No legislators spoke against the overall bill, which passed by a bipartisan 29-20 vote.
Advocates said the bill would help give the state a cut of the estimated $30 million in Iowa gambling money now flowing overseas every year. The issue has been in play in recent legislative sessions.
“Anytime we deal with gaming issues, there are a lot of public policy considerations,” said Sen. Jeff Danielson, D-Cedar Falls, who led the debate. “We did our homework. We worked together to come up with a solution that we believe addresses the problem.”
If the bill were to become law, Iowa casinos could launch the games, allowing people to establish accounts and deposit money to use for online wagering. Various tools would be in place to bar underage users or people outside Iowa from participating.
The nonpartisan Legislative Services Agency estimated the games would bring as much as $15 million yearly to the state — $13.2 million from taxes and up to $1.8 million for educational and charitable giving required from license holders.
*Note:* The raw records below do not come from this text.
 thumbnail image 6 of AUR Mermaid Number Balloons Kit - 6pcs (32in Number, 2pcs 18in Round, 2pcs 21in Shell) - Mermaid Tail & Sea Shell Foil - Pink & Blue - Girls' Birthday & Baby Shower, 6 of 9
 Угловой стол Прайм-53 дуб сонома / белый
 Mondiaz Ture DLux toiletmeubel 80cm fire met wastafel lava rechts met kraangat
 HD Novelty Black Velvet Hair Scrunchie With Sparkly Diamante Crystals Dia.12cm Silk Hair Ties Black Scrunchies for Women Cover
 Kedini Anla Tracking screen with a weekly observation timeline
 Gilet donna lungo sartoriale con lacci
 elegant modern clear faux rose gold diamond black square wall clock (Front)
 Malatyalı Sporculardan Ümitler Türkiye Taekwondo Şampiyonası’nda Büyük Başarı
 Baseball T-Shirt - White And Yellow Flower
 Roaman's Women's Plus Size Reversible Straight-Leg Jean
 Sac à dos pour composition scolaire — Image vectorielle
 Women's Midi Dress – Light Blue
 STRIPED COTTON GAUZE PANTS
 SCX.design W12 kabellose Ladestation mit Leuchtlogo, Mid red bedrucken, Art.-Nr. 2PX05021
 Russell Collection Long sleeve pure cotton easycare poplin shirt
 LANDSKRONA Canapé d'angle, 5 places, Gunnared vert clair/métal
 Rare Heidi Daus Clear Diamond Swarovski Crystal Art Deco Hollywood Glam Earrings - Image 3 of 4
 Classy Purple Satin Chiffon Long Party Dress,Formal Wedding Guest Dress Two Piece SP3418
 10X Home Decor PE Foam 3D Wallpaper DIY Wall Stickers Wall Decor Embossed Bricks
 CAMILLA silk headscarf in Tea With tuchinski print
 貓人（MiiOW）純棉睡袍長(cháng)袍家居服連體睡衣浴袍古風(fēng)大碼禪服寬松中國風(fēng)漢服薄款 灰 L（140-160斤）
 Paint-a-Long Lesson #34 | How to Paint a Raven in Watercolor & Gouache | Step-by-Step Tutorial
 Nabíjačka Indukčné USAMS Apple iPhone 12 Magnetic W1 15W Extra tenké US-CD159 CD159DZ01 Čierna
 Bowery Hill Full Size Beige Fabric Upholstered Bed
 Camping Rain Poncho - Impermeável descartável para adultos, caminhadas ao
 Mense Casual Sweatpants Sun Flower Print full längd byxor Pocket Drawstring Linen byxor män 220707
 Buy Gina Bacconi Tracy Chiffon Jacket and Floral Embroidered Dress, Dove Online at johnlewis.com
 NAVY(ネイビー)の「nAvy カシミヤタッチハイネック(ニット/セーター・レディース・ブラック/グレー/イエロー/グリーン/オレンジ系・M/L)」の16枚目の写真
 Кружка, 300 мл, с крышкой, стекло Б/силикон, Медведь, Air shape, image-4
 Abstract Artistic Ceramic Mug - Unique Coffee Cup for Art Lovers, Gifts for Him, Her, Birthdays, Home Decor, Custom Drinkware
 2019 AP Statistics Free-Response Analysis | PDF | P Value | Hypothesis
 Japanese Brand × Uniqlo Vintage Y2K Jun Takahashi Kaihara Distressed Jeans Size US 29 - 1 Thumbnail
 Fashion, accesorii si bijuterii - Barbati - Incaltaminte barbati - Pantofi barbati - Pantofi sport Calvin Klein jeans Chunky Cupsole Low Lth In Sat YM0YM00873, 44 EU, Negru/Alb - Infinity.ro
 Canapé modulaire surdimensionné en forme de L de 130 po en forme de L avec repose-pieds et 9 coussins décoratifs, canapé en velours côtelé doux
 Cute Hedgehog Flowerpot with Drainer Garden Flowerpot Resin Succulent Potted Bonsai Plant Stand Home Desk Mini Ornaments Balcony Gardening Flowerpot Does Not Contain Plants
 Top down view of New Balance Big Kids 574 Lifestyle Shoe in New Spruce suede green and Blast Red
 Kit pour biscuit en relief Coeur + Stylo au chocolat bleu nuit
Efforts to use the money to help resolve an estimated $215 million annual shortfall in Iowa’s road improvement budgets failed after opponents expressed concerns that the idea had not been properly vetted through the typical legislative process.
“We have heard time and time again that this bill before us is not about the funding, it’s about protecting our consumers,” said Sen. Joni Ernst, R-Red Oak, who proposed using the money for roads. “So if it is not about the funding, why would we not direct it into an area that so desperately needs the funding?”
Groups like the Family Leader and the Iowa Faith & Freedom Coalition have previously voiced opposition to the proposal, saying it expands gambling.
“We look at this as a big step from having casino gambling in about 20 locations to however many households are in Iowa,” said Tom Chapman of the Iowa Catholic Conference. “We think legalizing it will expand it, and we think we’ll see more problems with families.”
Gov. Terry Branstad this week noted that he has previously indicated an openness to consider the issue.
“I want to protect the integrity of Iowans. I think that’s the most important thing. In terms of regulating and controlling gambling in this state, our top priority has been to keep it honest, clean, open, transparent and keep the criminal element out,” Branstad said.
Lawmakers in Nevada and the District of Columbia have approved Internet poker, although both are still creating rules and have not yet launched the games.
The bill now heads to the House for further consideration.